Abstract. Synthetic aperture radar, SAR, is a high resolution imaging radar. The direct back-projection algorithm allows for a precise SAR output image reconstruction and can compensate for deviations in the flight track of airborne radars. Often graphic processing units, GPUs are used for data processing as the back-projection algorithm is computationally expensive and highly parallel. However, GPUs may not be an appropriate solution for applications with strictly constrained space and power requirements.
Introduction
Synthetic aperture radar, SAR, is a form of imaging radar that provides high quality mapping independent of light and weather conditions. SAR is used across a wide range of scientific and military applications including environmental monitoring, earth-resource mapping, surveillance, and reconnaissance. The principle of SAR operation is that a radar antenna is attached to an aircraft or spacecraft. The antenna transmits electromagnetic pulses and records their echoes.
An output image is reconstructed from echoed data that is interpreted as a set of projections. The direct back-projection algorithm provides a precise output image reconstruction and can compensate for deviations in the flight track. A very high number of operations is required to reconstruct the output image because each pixel contains data of hundreds of projections. Therefore, graphic processing units, GPUs, are often used for this type of SAR data processing. However, for applications with strict space and power requirements GPUs may not be an appropriate solution. For example, small unmanned aircraft systems may want to use the direct back-projection algorithm to compensate for deviations in the flight track but do not provide space and power for a computing system with a high performance GPU.

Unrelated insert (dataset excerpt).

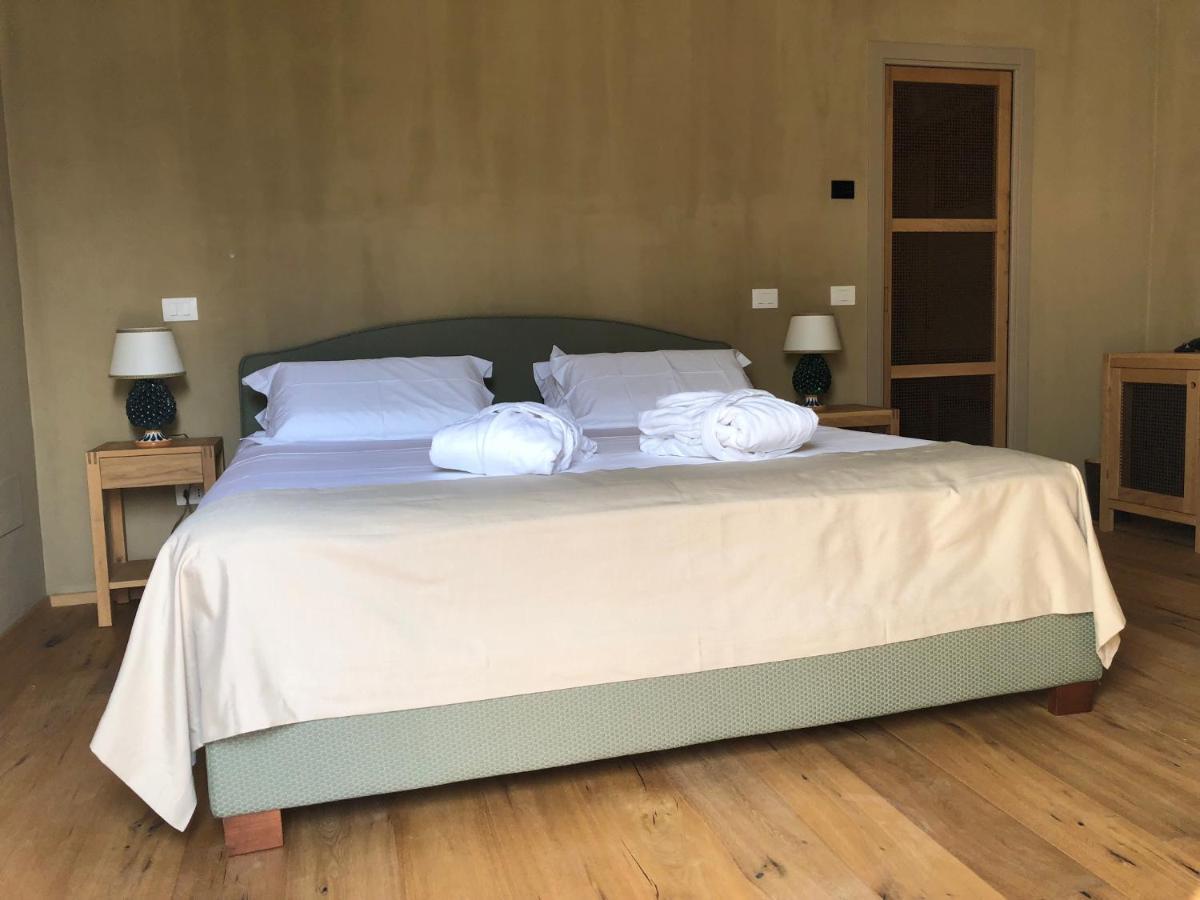 Ballium Luxury Relais Avola Zewnętrze zdjęcie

In this paper, we describe how we map a specific SAR data processing application to a multi-core system on an FPGA. We design a scalable multi-core system consisting of Tinuso processor cores [10] and a 2D mesh interconnect. We evaluate the system by simulating data processing of the airborne POLARIS SAR [5] . This radar is currently used in the evaluation process of the European Space Agency's, ESA, BIOMASS candidate mission [6] . This mission aims for a P-band SAR satellite that provides global scale estimates for forest biomass.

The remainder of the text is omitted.